**Task objective**
Go line by line through the records and tally those that include "White". Respond with the tally only.

**Extracted information**
◆ ◆ ◆

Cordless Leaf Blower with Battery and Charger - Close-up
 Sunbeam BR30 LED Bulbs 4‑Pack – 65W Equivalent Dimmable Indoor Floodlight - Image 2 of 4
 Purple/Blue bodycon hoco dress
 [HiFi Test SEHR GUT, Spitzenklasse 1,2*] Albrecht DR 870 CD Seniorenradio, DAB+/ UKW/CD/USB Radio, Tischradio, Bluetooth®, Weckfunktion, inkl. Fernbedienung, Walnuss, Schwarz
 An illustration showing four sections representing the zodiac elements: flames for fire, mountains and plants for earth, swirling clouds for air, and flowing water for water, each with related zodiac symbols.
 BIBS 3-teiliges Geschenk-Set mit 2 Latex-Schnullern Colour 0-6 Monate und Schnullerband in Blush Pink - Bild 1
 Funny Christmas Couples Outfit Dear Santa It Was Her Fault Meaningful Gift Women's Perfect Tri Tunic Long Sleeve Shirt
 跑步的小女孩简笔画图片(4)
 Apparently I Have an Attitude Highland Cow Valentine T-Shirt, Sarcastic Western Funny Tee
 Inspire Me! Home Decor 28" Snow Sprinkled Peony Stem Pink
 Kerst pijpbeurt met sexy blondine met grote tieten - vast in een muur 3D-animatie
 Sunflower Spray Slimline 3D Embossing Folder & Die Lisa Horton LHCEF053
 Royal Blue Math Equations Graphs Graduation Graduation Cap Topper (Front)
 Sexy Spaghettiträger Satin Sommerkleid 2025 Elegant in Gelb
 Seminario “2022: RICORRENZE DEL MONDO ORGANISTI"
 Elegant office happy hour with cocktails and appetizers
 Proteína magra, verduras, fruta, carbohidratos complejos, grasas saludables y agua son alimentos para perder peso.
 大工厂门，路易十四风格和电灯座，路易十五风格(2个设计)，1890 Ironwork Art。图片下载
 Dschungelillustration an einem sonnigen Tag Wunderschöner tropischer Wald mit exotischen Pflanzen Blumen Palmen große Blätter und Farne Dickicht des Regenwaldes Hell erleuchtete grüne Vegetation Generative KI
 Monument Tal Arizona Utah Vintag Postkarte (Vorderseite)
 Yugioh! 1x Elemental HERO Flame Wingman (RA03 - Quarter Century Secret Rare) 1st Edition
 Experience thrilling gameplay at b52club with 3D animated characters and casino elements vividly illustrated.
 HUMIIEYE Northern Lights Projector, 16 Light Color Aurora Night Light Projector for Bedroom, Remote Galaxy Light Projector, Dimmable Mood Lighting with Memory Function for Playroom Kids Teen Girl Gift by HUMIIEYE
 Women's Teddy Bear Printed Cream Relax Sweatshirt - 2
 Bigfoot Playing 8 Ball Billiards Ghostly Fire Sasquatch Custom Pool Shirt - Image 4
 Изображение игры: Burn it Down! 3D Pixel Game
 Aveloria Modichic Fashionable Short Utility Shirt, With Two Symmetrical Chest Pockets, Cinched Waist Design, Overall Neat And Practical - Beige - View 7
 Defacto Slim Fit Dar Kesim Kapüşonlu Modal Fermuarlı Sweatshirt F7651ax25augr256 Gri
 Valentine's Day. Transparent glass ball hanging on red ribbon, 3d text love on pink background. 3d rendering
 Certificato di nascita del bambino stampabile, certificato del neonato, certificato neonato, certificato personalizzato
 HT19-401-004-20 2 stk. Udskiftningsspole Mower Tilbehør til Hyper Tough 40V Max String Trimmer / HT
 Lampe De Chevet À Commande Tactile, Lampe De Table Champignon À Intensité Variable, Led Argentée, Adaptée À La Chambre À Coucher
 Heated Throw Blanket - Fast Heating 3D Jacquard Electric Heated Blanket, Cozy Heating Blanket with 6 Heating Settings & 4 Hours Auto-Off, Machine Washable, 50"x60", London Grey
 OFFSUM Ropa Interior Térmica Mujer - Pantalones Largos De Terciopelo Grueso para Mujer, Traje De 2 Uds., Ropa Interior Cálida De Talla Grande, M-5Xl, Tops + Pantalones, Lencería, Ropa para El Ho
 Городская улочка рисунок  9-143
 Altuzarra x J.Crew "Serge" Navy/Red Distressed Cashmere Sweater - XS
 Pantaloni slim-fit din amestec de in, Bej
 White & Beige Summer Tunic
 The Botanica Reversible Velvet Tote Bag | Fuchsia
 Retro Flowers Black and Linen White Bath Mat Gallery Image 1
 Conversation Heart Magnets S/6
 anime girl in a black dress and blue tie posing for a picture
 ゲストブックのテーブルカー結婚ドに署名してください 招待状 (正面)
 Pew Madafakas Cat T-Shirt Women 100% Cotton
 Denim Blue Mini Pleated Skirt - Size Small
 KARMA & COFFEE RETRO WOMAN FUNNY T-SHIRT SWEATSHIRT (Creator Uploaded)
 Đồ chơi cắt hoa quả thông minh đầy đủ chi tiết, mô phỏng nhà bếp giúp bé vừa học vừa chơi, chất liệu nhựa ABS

◆ ◆ ◆

**Output of the exercise**
2